● **What you have to do**:
Reproduce the whole listing below without its pictures, exactly as written.

● **Supplied data**:
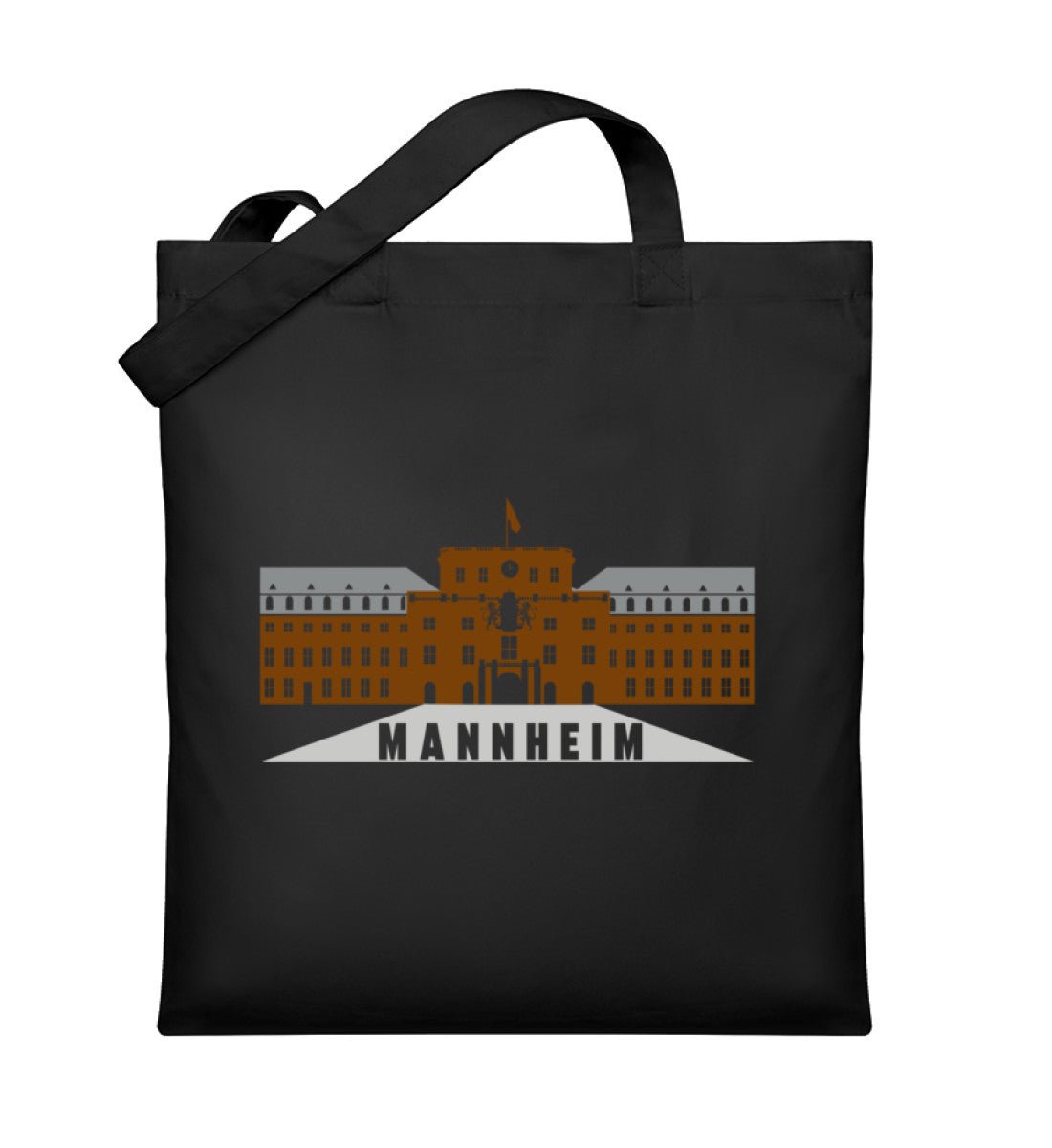 Mannheim Schloss Organic Jutebeutel - talejo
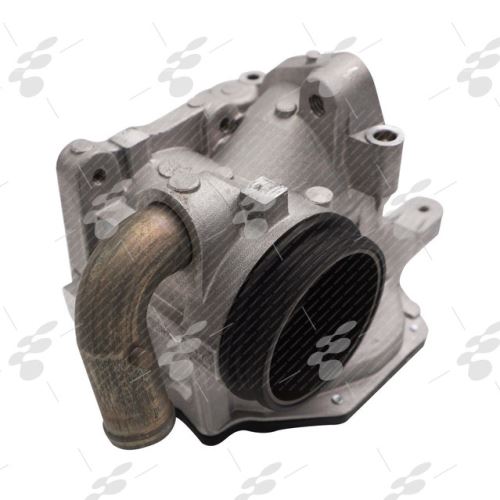 Throttle body IVECO DAILY 2.3 Euro 6 2016→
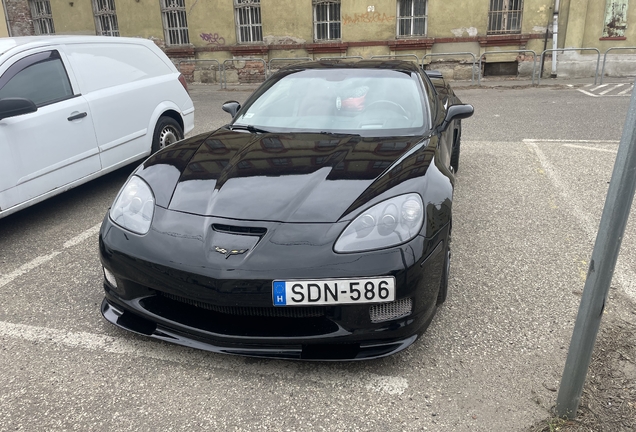 Chevrolet Corvette C6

● **Result of the exercise**:
 Mannheim Schloss Organic Jutebeutel - talejo
 Throttle body IVECO DAILY 2.3 Euro 6 2016→
 Chevrolet Corvette C6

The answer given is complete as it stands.